*** Opening of Data to process ***

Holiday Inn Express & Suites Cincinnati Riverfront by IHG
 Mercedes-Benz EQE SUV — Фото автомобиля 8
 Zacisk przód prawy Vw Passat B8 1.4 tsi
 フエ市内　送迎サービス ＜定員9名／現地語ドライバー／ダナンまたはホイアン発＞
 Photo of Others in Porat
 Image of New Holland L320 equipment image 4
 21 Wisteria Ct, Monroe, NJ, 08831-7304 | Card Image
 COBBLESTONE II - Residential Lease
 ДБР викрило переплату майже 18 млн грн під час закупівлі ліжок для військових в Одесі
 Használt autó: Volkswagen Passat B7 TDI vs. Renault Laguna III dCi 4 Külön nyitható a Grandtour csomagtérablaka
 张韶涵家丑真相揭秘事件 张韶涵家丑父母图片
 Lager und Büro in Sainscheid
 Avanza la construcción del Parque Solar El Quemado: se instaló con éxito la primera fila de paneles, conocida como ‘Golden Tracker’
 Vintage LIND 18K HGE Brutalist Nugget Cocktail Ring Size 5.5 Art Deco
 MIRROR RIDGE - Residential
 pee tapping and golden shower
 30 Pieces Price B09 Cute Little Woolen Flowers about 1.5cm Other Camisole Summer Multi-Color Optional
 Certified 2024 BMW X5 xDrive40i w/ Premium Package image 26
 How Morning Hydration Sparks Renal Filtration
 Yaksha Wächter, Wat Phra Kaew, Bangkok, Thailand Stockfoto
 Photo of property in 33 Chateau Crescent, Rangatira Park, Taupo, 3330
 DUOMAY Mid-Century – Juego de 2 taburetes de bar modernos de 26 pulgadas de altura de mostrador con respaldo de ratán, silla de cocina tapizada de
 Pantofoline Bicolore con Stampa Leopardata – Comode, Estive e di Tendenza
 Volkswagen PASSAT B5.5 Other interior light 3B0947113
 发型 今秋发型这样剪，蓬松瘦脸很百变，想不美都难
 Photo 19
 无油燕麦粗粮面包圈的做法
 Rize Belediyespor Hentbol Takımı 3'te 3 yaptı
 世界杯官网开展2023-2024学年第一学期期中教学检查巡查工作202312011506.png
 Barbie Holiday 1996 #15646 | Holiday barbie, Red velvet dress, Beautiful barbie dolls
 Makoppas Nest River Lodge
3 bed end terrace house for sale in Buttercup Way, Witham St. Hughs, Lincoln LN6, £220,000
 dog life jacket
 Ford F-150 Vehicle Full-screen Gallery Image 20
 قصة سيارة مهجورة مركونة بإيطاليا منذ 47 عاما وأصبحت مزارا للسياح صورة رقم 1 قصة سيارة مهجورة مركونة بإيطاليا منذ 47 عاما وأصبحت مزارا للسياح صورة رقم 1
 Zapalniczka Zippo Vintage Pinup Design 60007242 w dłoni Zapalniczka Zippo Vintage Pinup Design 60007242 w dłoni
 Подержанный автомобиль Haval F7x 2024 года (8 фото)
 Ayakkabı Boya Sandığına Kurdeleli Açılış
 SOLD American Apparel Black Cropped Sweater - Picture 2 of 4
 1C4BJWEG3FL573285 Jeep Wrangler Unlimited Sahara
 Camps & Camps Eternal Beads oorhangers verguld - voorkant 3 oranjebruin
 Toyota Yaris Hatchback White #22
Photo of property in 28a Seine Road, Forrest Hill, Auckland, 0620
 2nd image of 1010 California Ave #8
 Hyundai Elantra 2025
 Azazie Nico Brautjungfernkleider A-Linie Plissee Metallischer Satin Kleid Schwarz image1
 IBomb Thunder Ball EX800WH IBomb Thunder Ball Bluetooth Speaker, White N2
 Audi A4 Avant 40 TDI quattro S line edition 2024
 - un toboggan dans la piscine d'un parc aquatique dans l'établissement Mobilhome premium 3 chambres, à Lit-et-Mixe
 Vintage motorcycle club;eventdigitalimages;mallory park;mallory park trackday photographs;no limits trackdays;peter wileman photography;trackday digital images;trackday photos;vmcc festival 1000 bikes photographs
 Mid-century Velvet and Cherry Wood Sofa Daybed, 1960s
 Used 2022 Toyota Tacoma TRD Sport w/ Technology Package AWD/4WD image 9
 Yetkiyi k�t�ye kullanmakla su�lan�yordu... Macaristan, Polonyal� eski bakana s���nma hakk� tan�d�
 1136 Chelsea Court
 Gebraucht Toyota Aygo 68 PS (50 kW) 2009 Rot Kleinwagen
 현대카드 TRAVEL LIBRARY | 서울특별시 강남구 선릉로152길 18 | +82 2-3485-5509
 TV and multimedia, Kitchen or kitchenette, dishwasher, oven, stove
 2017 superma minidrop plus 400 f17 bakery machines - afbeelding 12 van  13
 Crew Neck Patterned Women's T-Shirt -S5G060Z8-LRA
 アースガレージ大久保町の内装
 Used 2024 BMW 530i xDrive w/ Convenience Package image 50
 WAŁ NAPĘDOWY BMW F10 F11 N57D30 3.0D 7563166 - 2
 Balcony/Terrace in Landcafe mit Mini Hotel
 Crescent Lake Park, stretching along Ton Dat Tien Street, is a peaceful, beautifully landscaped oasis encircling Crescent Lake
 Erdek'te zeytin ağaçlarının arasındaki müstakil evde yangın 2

*** Close of Data to process ***

*What you are asked to do*
Each line of the listing is to be output verbatim.

*Task solution*
Holiday Inn Express & Suites Cincinnati Riverfront by IHG
 Mercedes-Benz EQE SUV — Фото автомобиля 8
 Zacisk przód prawy Vw Passat B8 1.4 tsi
 フエ市内　送迎サービス ＜定員9名／現地語ドライバー／ダナンまたはホイアン発＞
 Photo of Others in Porat
 Image of New Holland L320 equipment image 4
 21 Wisteria Ct, Monroe, NJ, 08831-7304 | Card Image
 COBBLESTONE II - Residential Lease
 ДБР викрило переплату майже 18 млн грн під час закупівлі ліжок для військових в Одесі
 Használt autó: Volkswagen Passat B7 TDI vs. Renault Laguna III dCi 4 Külön nyitható a Grandtour csomagtérablaka
 张韶涵家丑真相揭秘事件 张韶涵家丑父母图片
 Lager und Büro in Sainscheid
 Avanza la construcción del Parque Solar El Quemado: se instaló con éxito la primera fila de paneles, conocida como ‘Golden Tracker’
 Vintage LIND 18K HGE Brutalist Nugget Cocktail Ring Size 5.5 Art Deco
 MIRROR RIDGE - Residential
 pee tapping and golden shower
 30 Pieces Price B09 Cute Little Woolen Flowers about 1.5cm Other Camisole Summer Multi-Color Optional
 Certified 2024 BMW X5 xDrive40i w/ Premium Package image 26
 How Morning Hydration Sparks Renal Filtration
 Yaksha Wächter, Wat Phra Kaew, Bangkok, Thailand Stockfoto
 Photo of property in 33 Chateau Crescent, Rangatira Park, Taupo, 3330
 DUOMAY Mid-Century – Juego de 2 taburetes de bar modernos de 26 pulgadas de altura de mostrador con respaldo de ratán, silla de cocina tapizada de
 Pantofoline Bicolore con Stampa Leopardata – Comode, Estive e di Tendenza
 Volkswagen PASSAT B5.5 Other interior light 3B0947113
 发型 今秋发型这样剪，蓬松瘦脸很百变，想不美都难
 Photo 19
 无油燕麦粗粮面包圈的做法
 Rize Belediyespor Hentbol Takımı 3'te 3 yaptı
 世界杯官网开展2023-2024学年第一学期期中教学检查巡查工作202312011506.png
 Barbie Holiday 1996 #15646 | Holiday barbie, Red velvet dress, Beautiful barbie dolls
 Makoppas Nest River Lodge
3 bed end terrace house for sale in Buttercup Way, Witham St. Hughs, Lincoln LN6, £220,000
 dog life jacket
 Ford F-150 Vehicle Full-screen Gallery Image 20
 قصة سيارة مهجورة مركونة بإيطاليا منذ 47 عاما وأصبحت مزارا للسياح صورة رقم 1 قصة سيارة مهجورة مركونة بإيطاليا منذ 47 عاما وأصبحت مزارا للسياح صورة رقم 1
 Zapalniczka Zippo Vintage Pinup Design 60007242 w dłoni Zapalniczka Zippo Vintage Pinup Design 60007242 w dłoni
 Подержанный автомобиль Haval F7x 2024 года (8 фото)
 Ayakkabı Boya Sandığına Kurdeleli Açılış
 SOLD American Apparel Black Cropped Sweater - Picture 2 of 4
 1C4BJWEG3FL573285 Jeep Wrangler Unlimited Sahara
 Camps & Camps Eternal Beads oorhangers verguld - voorkant 3 oranjebruin
 Toyota Yaris Hatchback White #22
Photo of property in 28a Seine Road, Forrest Hill, Auckland, 0620
 2nd image of 1010 California Ave #8
 Hyundai Elantra 2025
 Azazie Nico Brautjungfernkleider A-Linie Plissee Metallischer Satin Kleid Schwarz image1
 IBomb Thunder Ball EX800WH IBomb Thunder Ball Bluetooth Speaker, White N2
 Audi A4 Avant 40 TDI quattro S line edition 2024
 - un toboggan dans la piscine d'un parc aquatique dans l'établissement Mobilhome premium 3 chambres, à Lit-et-Mixe
 Vintage motorcycle club;eventdigitalimages;mallory park;mallory park trackday photographs;no limits trackdays;peter wileman photography;trackday digital images;trackday photos;vmcc festival 1000 bikes photographs
 Mid-century Velvet and Cherry Wood Sofa Daybed, 1960s
 Used 2022 Toyota Tacoma TRD Sport w/ Technology Package AWD/4WD image 9
 Yetkiyi k�t�ye kullanmakla su�lan�yordu... Macaristan, Polonyal� eski bakana s���nma hakk� tan�d�
 1136 Chelsea Court
 Gebraucht Toyota Aygo 68 PS (50 kW) 2009 Rot Kleinwagen
 현대카드 TRAVEL LIBRARY | 서울특별시 강남구 선릉로152길 18 | +82 2-3485-5509
 TV and multimedia, Kitchen or kitchenette, dishwasher, oven, stove
 2017 superma minidrop plus 400 f17 bakery machines - afbeelding 12 van  13
 Crew Neck Patterned Women's T-Shirt -S5G060Z8-LRA
 アースガレージ大久保町の内装
 Used 2024 BMW 530i xDrive w/ Convenience Package image 50
 WAŁ NAPĘDOWY BMW F10 F11 N57D30 3.0D 7563166 - 2
 Balcony/Terrace in Landcafe mit Mini Hotel
 Crescent Lake Park, stretching along Ton Dat Tien Street, is a peaceful, beautifully landscaped oasis encircling Crescent Lake
 Erdek'te zeytin ağaçlarının arasındaki müstakil evde yangın 2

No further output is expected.